I haven't found or used a handwriting recognizer for the iphone that allows full screen handwriting yet, however, using the small box to write characters on my iphone with more than, say, 7 or 8 strokes becomes quite cumbersome. This problem becomes more pronounced for me when writing traditional characters which obviously tend to have more strokes. Also, I find that it is hard to precisely position one's finger to meet up with the last stroke when beginning the next stroke in a character (remember we are talking about trying to precisely position a finger that is approximately 1/2 inch or more in diameter on a line that is about 1/16 to 1/8 inch in diameter, as opposed to a stylus that is only a 1/16 inch in diameter at the tip), especially if a person is already used to writing characters quickly.

I sure hope that Pleco's licensed (I am guessing it will still be the awesome Hanwang) full screen handwriting recognizer for iphone will solve some of these issues, because at present I prefer my WM5 PDA and stylus by far for writing characters.
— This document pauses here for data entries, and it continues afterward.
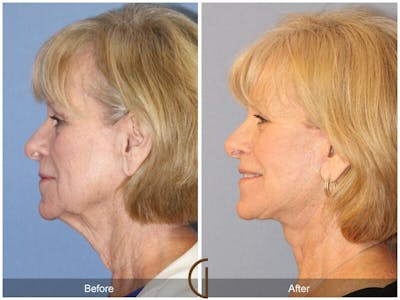 Facelift 60s Before & After Gallery - Patient 463304 - Image 1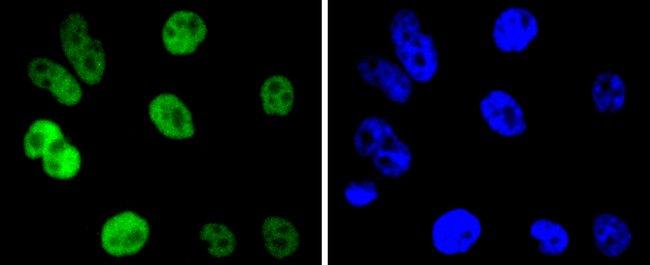 Cyclin H Antibody in Immunocytochemistry (ICC/IF)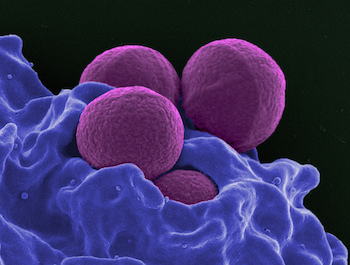 MRSA-Image MRSA-Image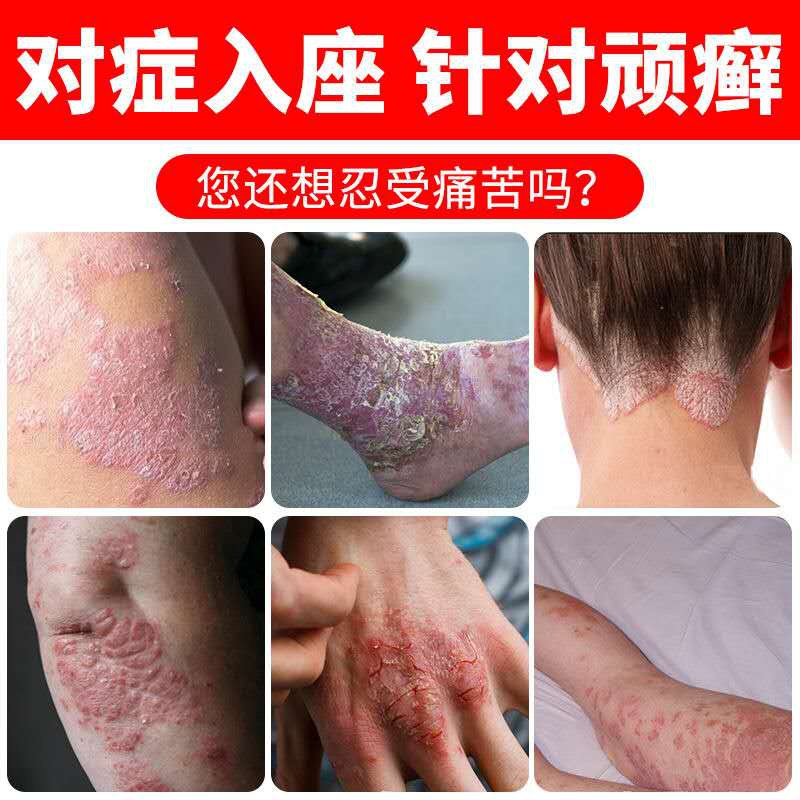 牛皮癣顽固银屑病老偏方脚藓慢性神经性皮炎去根除外用中药y膏断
That's my 2 cents worth....
 

mikelove

皇帝
Staff member
It is indeed the same Hanwang recognizer, and as in our other software (but unlike with the iPhone built-in recognizer I believe) it supports both simplified and traditional characters at the same time. And can actually support English too, though we're not sure if we'll enable that since it seems like it would generally be slower than using a keyboard. (maybe not with a fast auto-input timer)

From our testing at least it seems to be quite comparable accuracy-wise to a stylus, though dragging your finger against the screen does start to hurt a bit after a few dozen characters so for heavy usage a stylus may still be the best bet.